Summary
In a frost-laced outpost where the river itself seems to exhale brimstone, Mabella—part porcelain doll, part caged lynx—moves between pine-needled shadows and the sulfur glow of oil-lamps, her betrothal to Pierre, the Mountie whose scarlet tunic burns like a brand against the snow, suddenly nullified by Gaspard, a métis revenant whose grin splits the fabric of civility. Blackmail, not love, forges the forced union: Lopente’s buried sins—ledger ink, smuggled pelts, perhaps blood—are the shackles. The wedding night is a blizzard of knuckles; the conjugal bed becomes an altar of splinters. She flees to the palisaded fort seeking parchment-thin sanctuary, but Gaspard, half wolf-half man, drags her into a howling traverse of white nullity, sled-runners slicing the tundra like scalpels. Pierre, love transmuted into retribution, gives chase across cathedral-quiet drifts while auroras braid the sky in serpentine greens.
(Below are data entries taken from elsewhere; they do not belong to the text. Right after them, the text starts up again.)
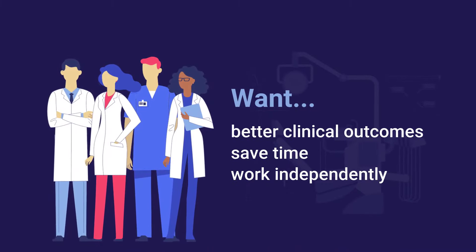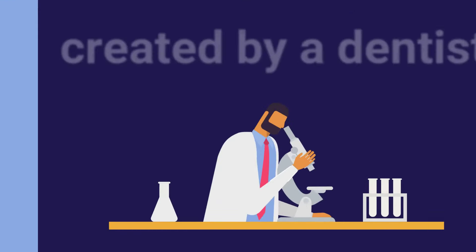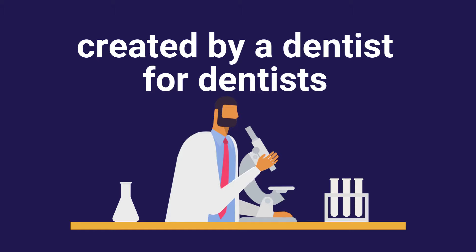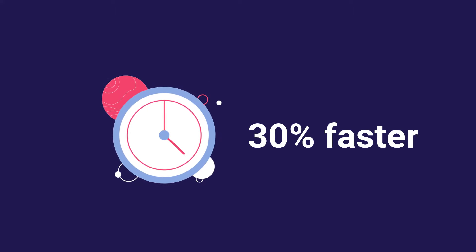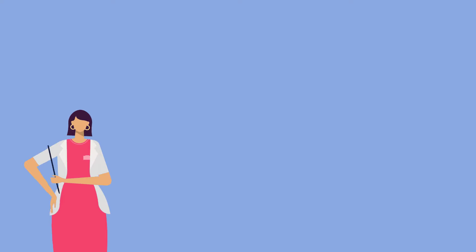Want to achieve better clinical outcomes, save time, and work independently? You can! A clinician like you created Isolite Systems because he didn't want to break his back or his bank. Isolite effectively isolates the oral field, helping you complete procedures 30% faster as the only person working in a patient's mouth.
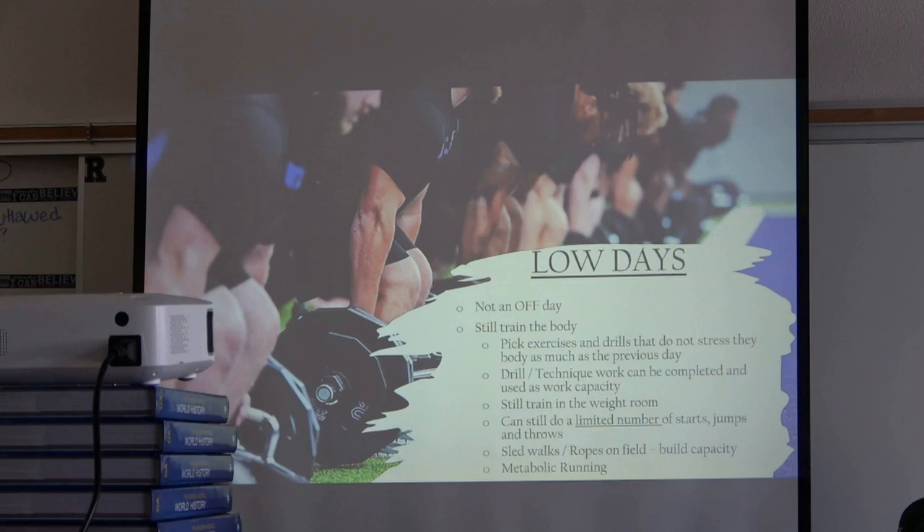Metabolic running is a cool low-day option — different from normal tempos. I got this from the Carolina Panthers. Off the whistle you do a movement, change the movement, then a third movement. An easy example: stride, karaoke, stride — or backpedal, shuffle, stride. It's great prep for change of direction. One thing we've found is that athletes get injured partly because they lack rotational ability. Once you lose the ability to rotate well on the field you're setting yourself up for injury, and metabolic running helps address that.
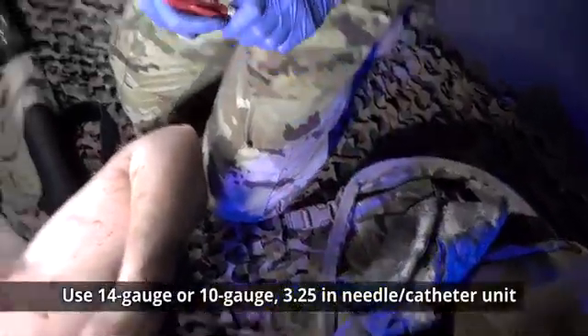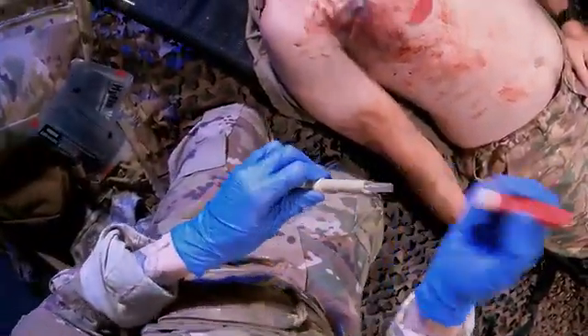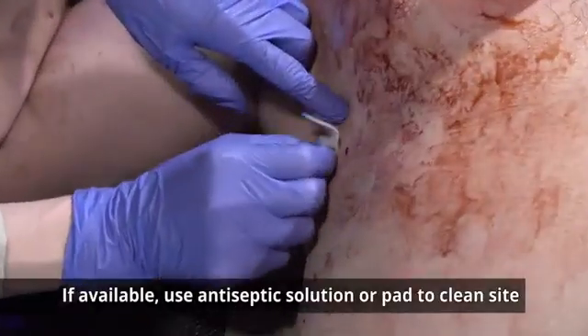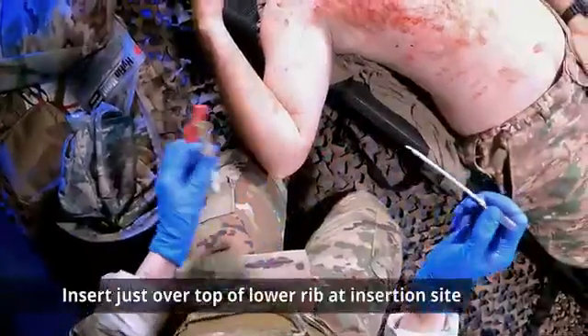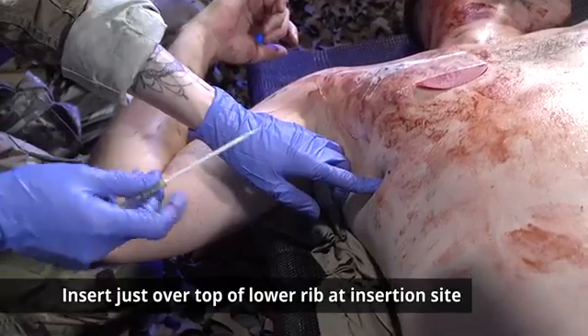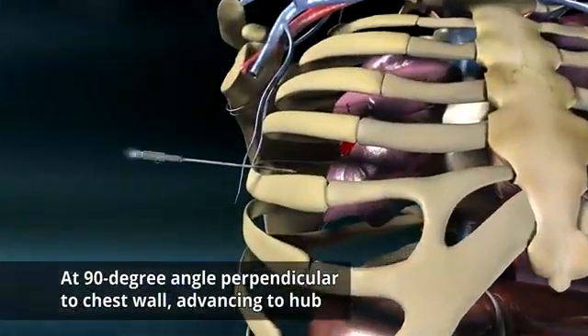Secure a 14 gauge or 10 gauge 3.25 inch needle catheter unit. Remove the lower lock cap from the needle catheter if applicable. If available, use an antiseptic solution or a pad to clean the site. Insert the needle catheter just over the top of the lower rib at the insertion site at a 90 degree angle perpendicular to the chest wall, advancing it to the hub.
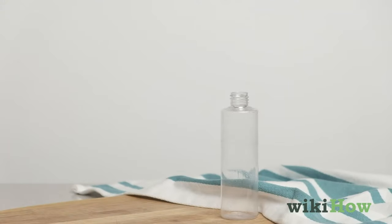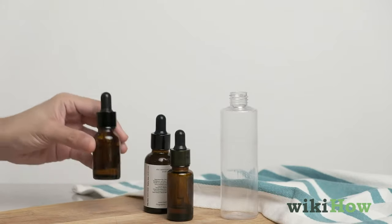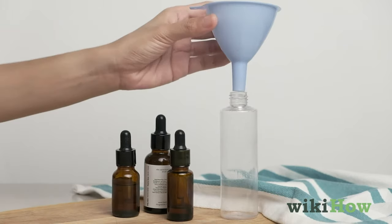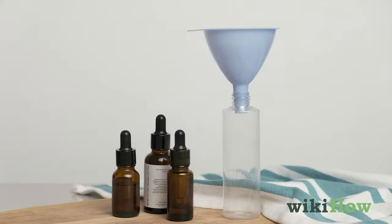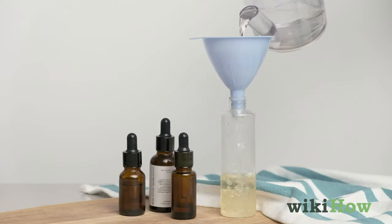You can also make cat repellent with essential oils like citronella, lavender, peppermint, or lemongrass oil. Just mix one part essential oil with three parts water in the spray bottle.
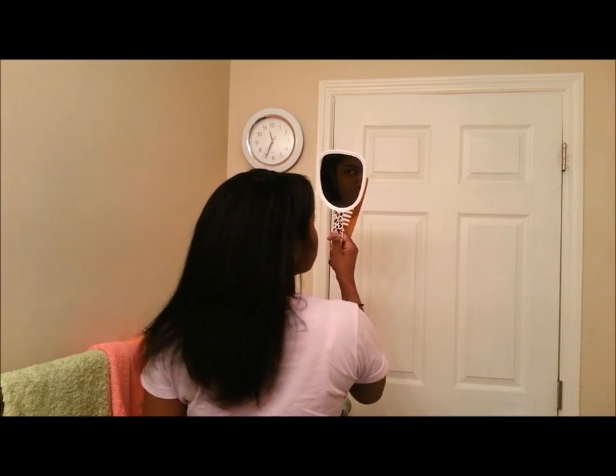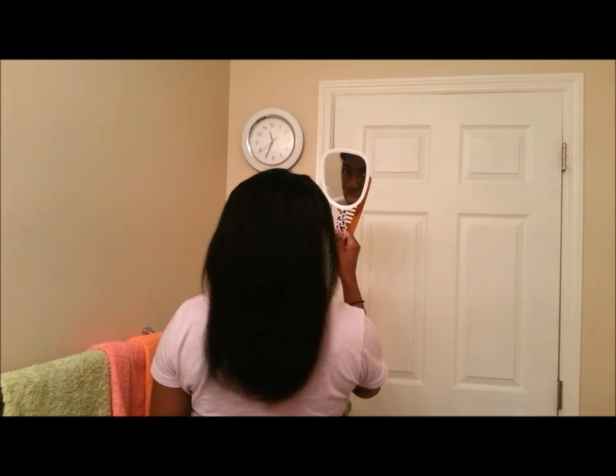I'm back to show you what my hair looks like after it's finished being flat ironed. I'm going to turn around here so you can see. That is what my hair is looking like. And if I pull it to the front, this is what it's looking like.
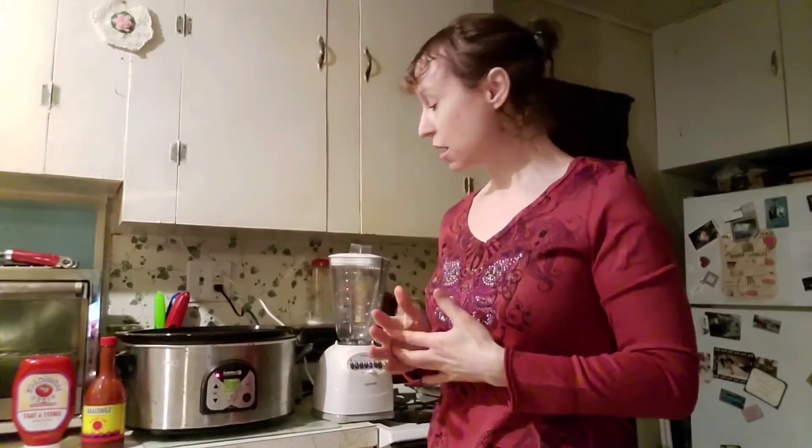I've got to fill the crock pot the rest of the way up with the remaining cans, but I won't make you watch all of that. I'll show you what it looks like when it's all filled up, and I'll take a picture of my bowl of chili to add to the video. I hope you enjoy this — whatever you do, keep moving, keep eating healthy, and don't give up on yourself because you're worth it.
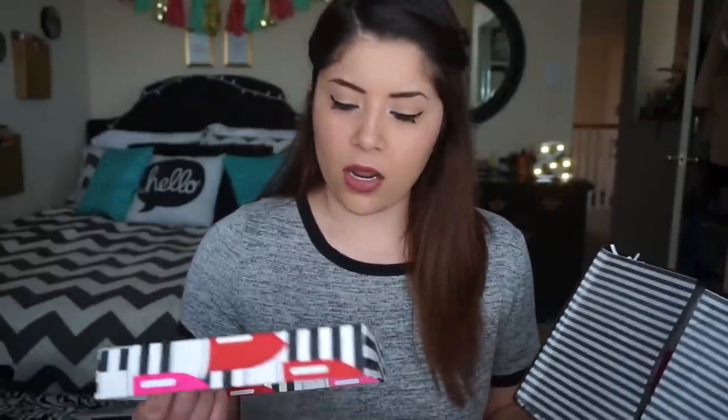Before I opened this, I had seen some videos on the Sephora Play box from other YouTubers, and what they got in their boxes wasn't really all that good, so I wasn't expecting much. But when I got this box it blew me away. It comes with really cute wrapping paper inside, and I got some really good sample size products.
Rin-Tin-Tin—sinewy myth with obsidian eyes—launches himself as a living projectile, jaws closing on the villain’s throat in a pagan verdict. When the fur-wrapped corpse settles, Father La Croix unspools the last reel of deceit: the foundling swaddled in a snowbank is racially unmarked, free to reclaim the scarlet coat of her chosen knight.
Synopsis
Though engaged to Pierre, a member of the Royal Mounted Police, Mabella, a girl living at a Canadian fur-trading post, is forced to marry Gaspard, a vicious half-breed who has incriminating evidence about her father, Lopente. Pierre is distressed; Mabella, brutally mistreated and neglected by Gaspard, goes to the police station for protection. Gaspard, however, abducts her and forces her to go away with him on a dogsled. Pierre discovers that Gaspard is wanted for a crime, and pursues them; Rin-Tin-Tin, his dog, kills Gaspard, effecting the rescue of Mabella. Father La Croi reveals that Mabella, an orphan discovered during a snowstorm, is not of Indian parentage, and she is happily united with Pierre.